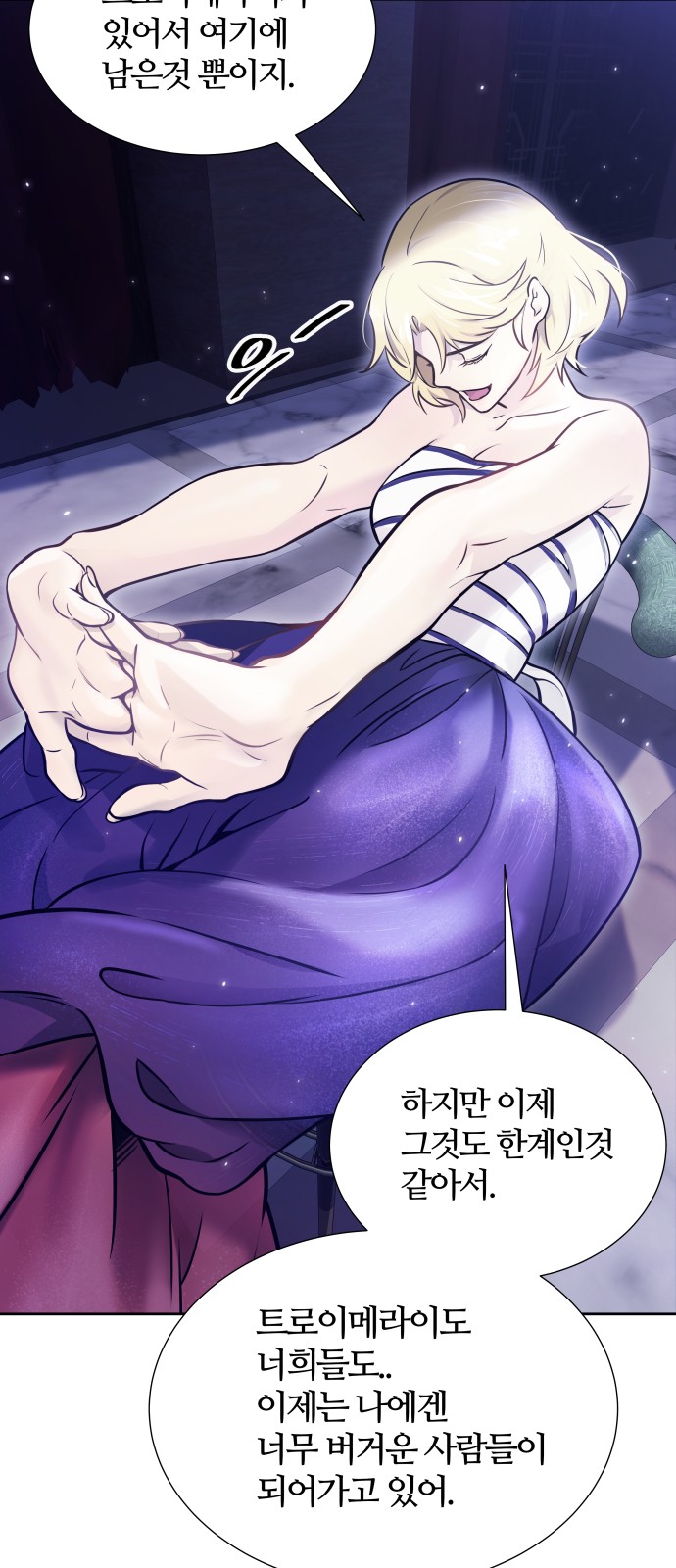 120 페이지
==
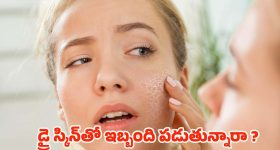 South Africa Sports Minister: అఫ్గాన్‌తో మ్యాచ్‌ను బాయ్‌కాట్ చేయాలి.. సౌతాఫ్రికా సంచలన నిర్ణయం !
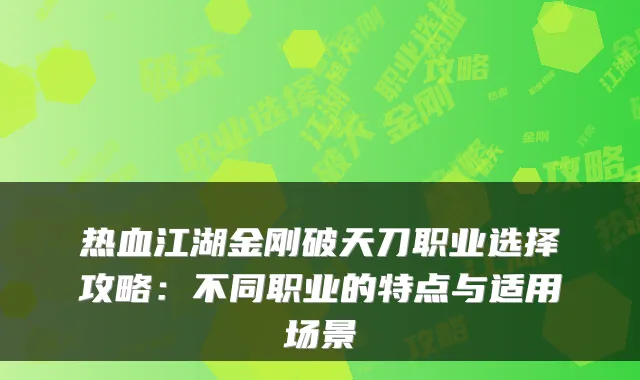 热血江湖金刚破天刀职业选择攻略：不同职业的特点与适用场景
...
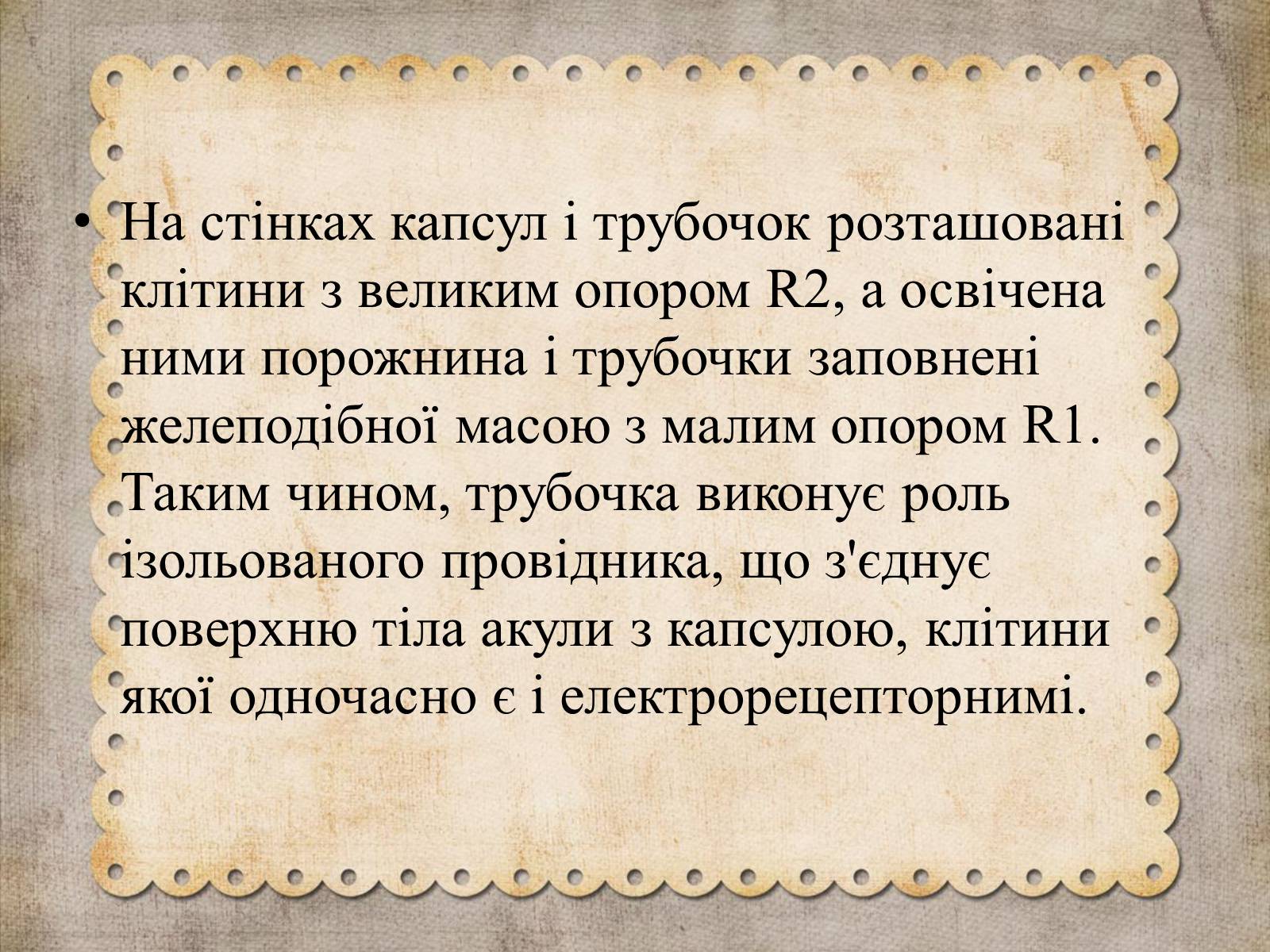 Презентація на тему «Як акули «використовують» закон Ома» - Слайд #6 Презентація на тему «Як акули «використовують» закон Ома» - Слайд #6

## Work request:
Using the data above, transcribe exactly the lines between those containing "South Africa Sports" and "热血江湖金刚破天刀职业选择攻略：不同职业的特点与适用场景", inclusive, and leave every picture behind.

## Output for this exercise:
 South Africa Sports Minister: అఫ్గాన్‌తో మ్యాచ్‌ను బాయ్‌కాట్ చేయాలి.. సౌతాఫ్రికా సంచలన నిర్ణయం !
 热血江湖金刚破天刀职业选择攻略：不同职业的特点与适用场景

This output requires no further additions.